EXERCISE DIRECTIONS: Everything in the data except the pictures belongs in your answer, copied exactly.

THE DATA:
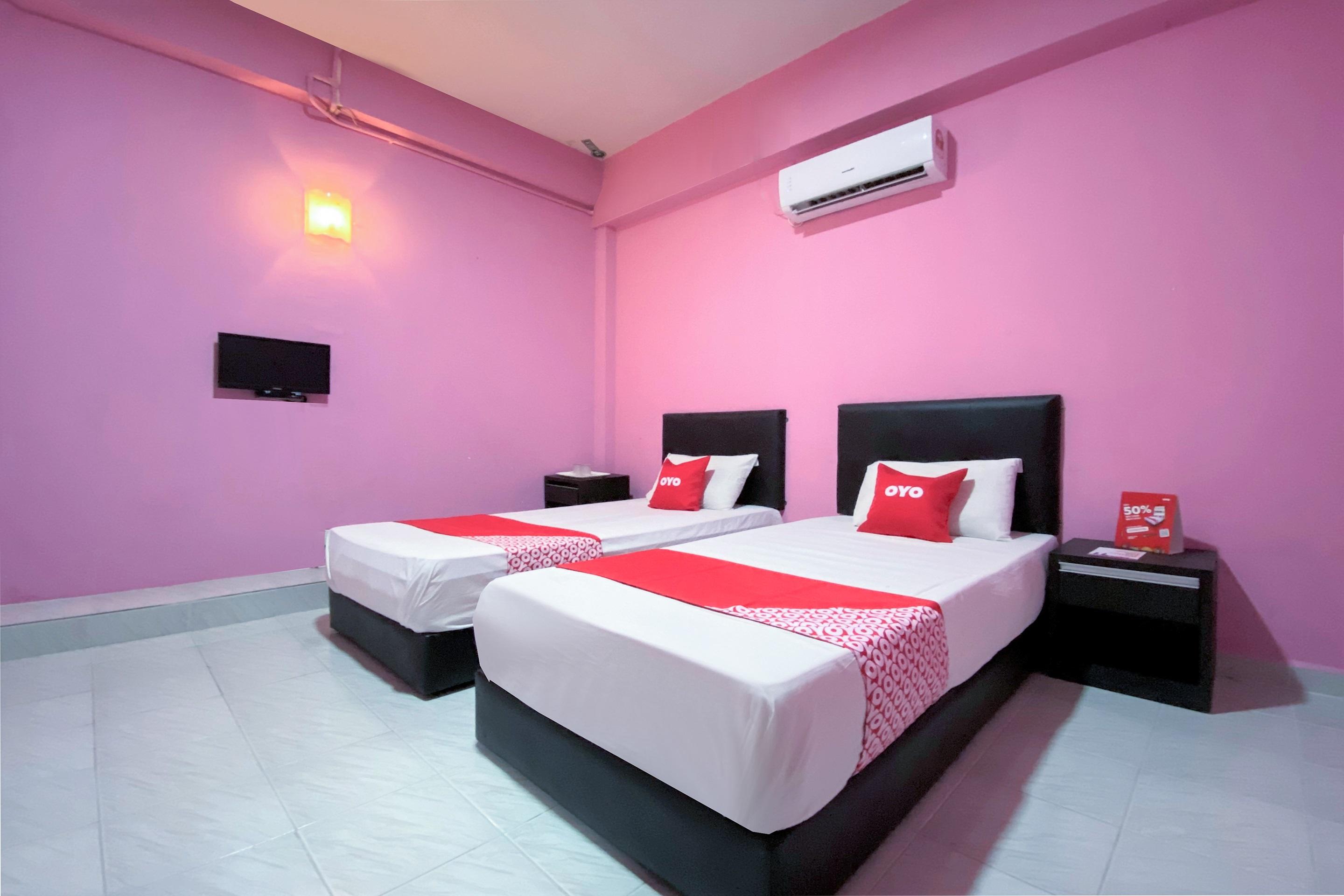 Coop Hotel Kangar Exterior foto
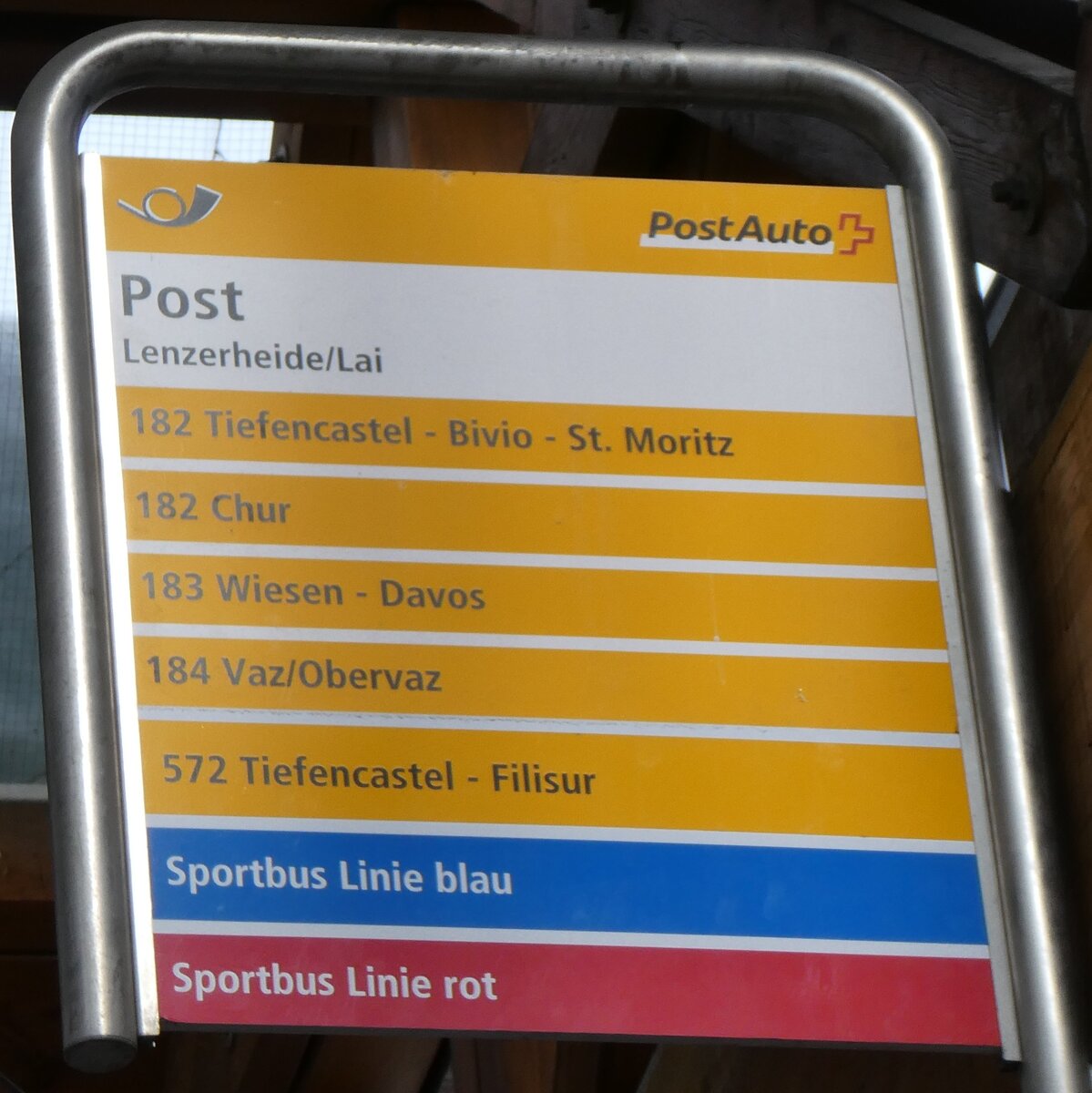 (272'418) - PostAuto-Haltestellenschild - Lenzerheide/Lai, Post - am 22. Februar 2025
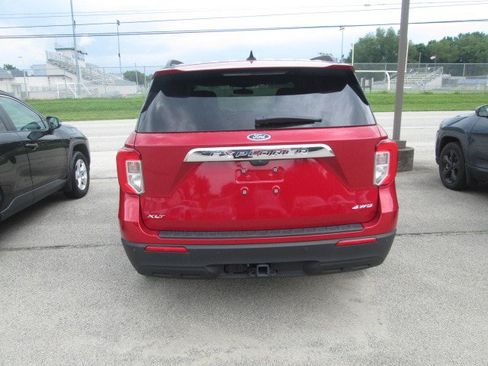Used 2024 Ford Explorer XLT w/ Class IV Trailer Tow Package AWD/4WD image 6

TASK RESPONSE:
 Coop Hotel Kangar Exterior foto
 (272'418) - PostAuto-Haltestellenschild - Lenzerheide/Lai, Post - am 22. Februar 2025
Used 2024 Ford Explorer XLT w/ Class IV Trailer Tow Package AWD/4WD image 6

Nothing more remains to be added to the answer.